As fresh details continue to emerge about the Libor fixing scandal that has already claimed the head of Bob Diamond, the American chief executive of British bank Barclays, everybody, it seems, is shocked – shocked! – to discover that this benchmark interest rate underlying trillions of dollars worth of financial transactions worldwide was allegedly being manipulated.
That’s the official line from the Bank of England, market regulators, the British Banking Association that oversees the Libor process, politicians on both sides of the Atlantic — and even from Diamond himself. He told a parliamentary hearing on July 4 that he was “sickened” to read emails by Barclays traders asking favors of their colleagues on the Barclays team that helped to fix the rate. The bank has agreed to pay $450 million in fines to the U.S. Commodity Futures Trading Commission and Britain’s Financial Services Authority.
But talk to bankers and current and former traders in the markets, especially those who specialized in interest-rate swap transactions, and it turns out that this generalized state of shock may be a tad disingenuous. For suspicions about manipulation of Libor, the London interbank offered rate, and its European cousin Euribor, the European interbank offered rate, are both manifold and long-standing. In the Barclays case, the CFTC found evidence dating back to 2005. But the bigger doubts about Libor and Euribor’s reliability became particularly apparent after the bankruptcy of Lehman Brothers in August 2007 and the ensuing turmoil in bank lending markets, when credit all but dried up.
Starting in the fall of 2007, almost five years ago, the financial press started writing about potential abuses, reflecting what their sources were telling them. Gillian Tett in the Financial Times appears to have been the first: On September 4 of that year she quoted a banker as calling Libor “a fiction.” The Wall Street Journal in April 2008 also ran the first of several articles about Libor’s reliability.
At the same time, suspicions started being aired in more official circles, including at meetings of bond trading associations and even in government publications, using data from the markets themselves. How so?

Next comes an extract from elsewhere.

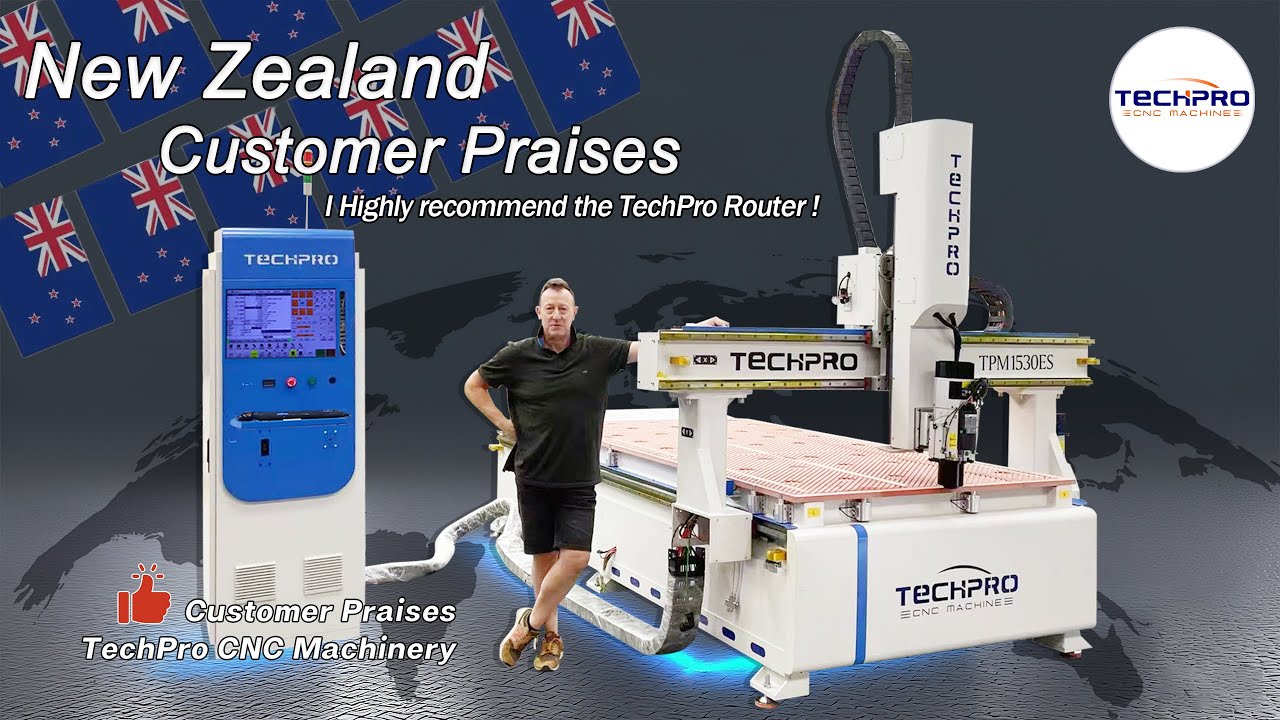 TechPro CNC Review from New Zealand Customer on 4 Axis ATC CNC Nesting Router Machine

Largely it has to do with the nature of Libor and Euribor themselves.
These rates are set by panels of banks who meet daily to disclose the average rate at which they can obtain unsecured funding for a given period. The Libor fixings, for example, cover 10 currencies, and the periods range from overnight up to a year. The top and bottom 25% of these submissions are eliminated, and the rate is calculated using the average of the 50% that are left.

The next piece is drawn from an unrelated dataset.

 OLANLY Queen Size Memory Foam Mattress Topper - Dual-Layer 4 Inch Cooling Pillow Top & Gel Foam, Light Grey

But, critically, the rates that the banks submit in these sessions are not the rates they are actually paying to borrow money, but rather the rates that they estimate they would have to pay. Until the 2007 crisis, the Libor and Euribor rates tracked quite accurately the rates that were actually transacted, and which are noted by central banks. But suddenly, after Lehman, there was a very significant divergence between the benchmark Libor and Euribor rates, and the actual transaction rates.
Jean-François Borgy spotted that at once. He’s a French former swaps trader with a long record in the markets, having worked for Credit Lyonnais, Banque Worms and Natixis. He was so struck by the change that, in October 2007, he gave a presentation to the annual meeting of the European Bond Commission.

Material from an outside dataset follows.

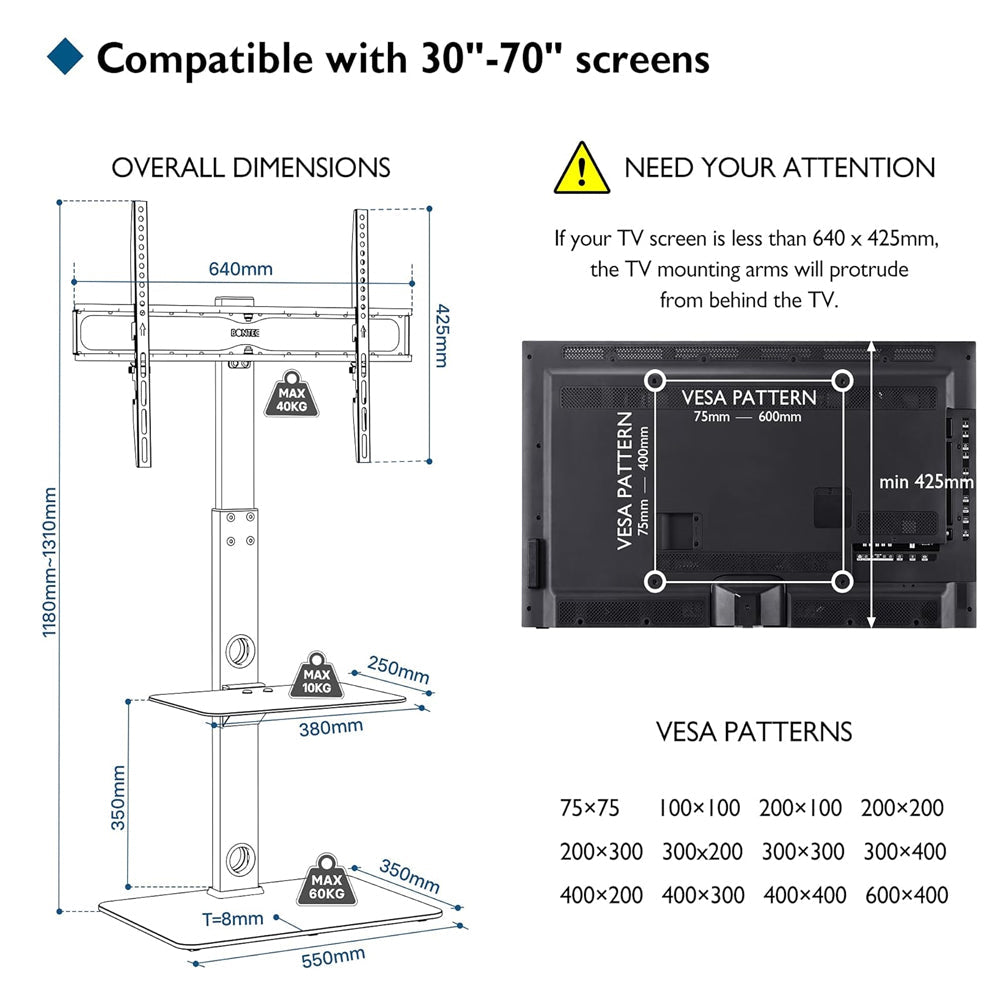 Bontec 2 Tier Universal Floor TV Stand 30-70" Tempered Glass Vesa 600x400mm Greenlane Gear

In a series of charts, he showed how the Euribor three-month rate had, since the 1999 introduction of the euro as a currency, almost without exception been mirrored by the effective European overnight rate based on actual transactions. The spread, or difference between this Eonia rate and the Euribor rate had consistently been 6.3 basis points, or 0.063%. But with the crisis it suddenly jumped to 40 basis points, or 0.4%. For a trader, that’s a huge and obvious change. As Borgy explained in his 2007 presentation, the Eonia rate is drawn from the same 47 banks who are involved in the Euribor fixing; the difference is that Eonia reflects real transactions by the banks, while Euribor simply reflects what the banks say they will do.
In other words, watch what they do, not what they say.
One obvious explanation for this huge discrepancy was that, in the market turmoil post Lehman, banks had a huge interest in playing down their own difficulties in the interbank lending market, to avoid scaring their counterparties, shareholders and regulators. That appears to have been what happened in the Barclays case, where Diamond’s colleagues interpreted questions from the Bank of England about the bank’s high submissions in the Libor process as a tacit go-ahead to artificially reduce those submitted rates.
Borgy’s presentation attracted the interest of the French financial authorities, and he ended up writing a short article about his observations for the French Treasury Agency’s monthly newsletter. It was published in November 2007.
If the highest French authorities were aware of the discrepancies, chances are that other authorities were too. On Tuesday, the New York Fed acknowledged that in late 2007 it had received “occasional anecdotal reports from Barclays of problems with Libor,” and that in spring 2008, it had inquired further as to how Libor submissions were being conducted. The Fed said in a statement that it had shared its analysis and suggestions for reform of Libor with British authorities.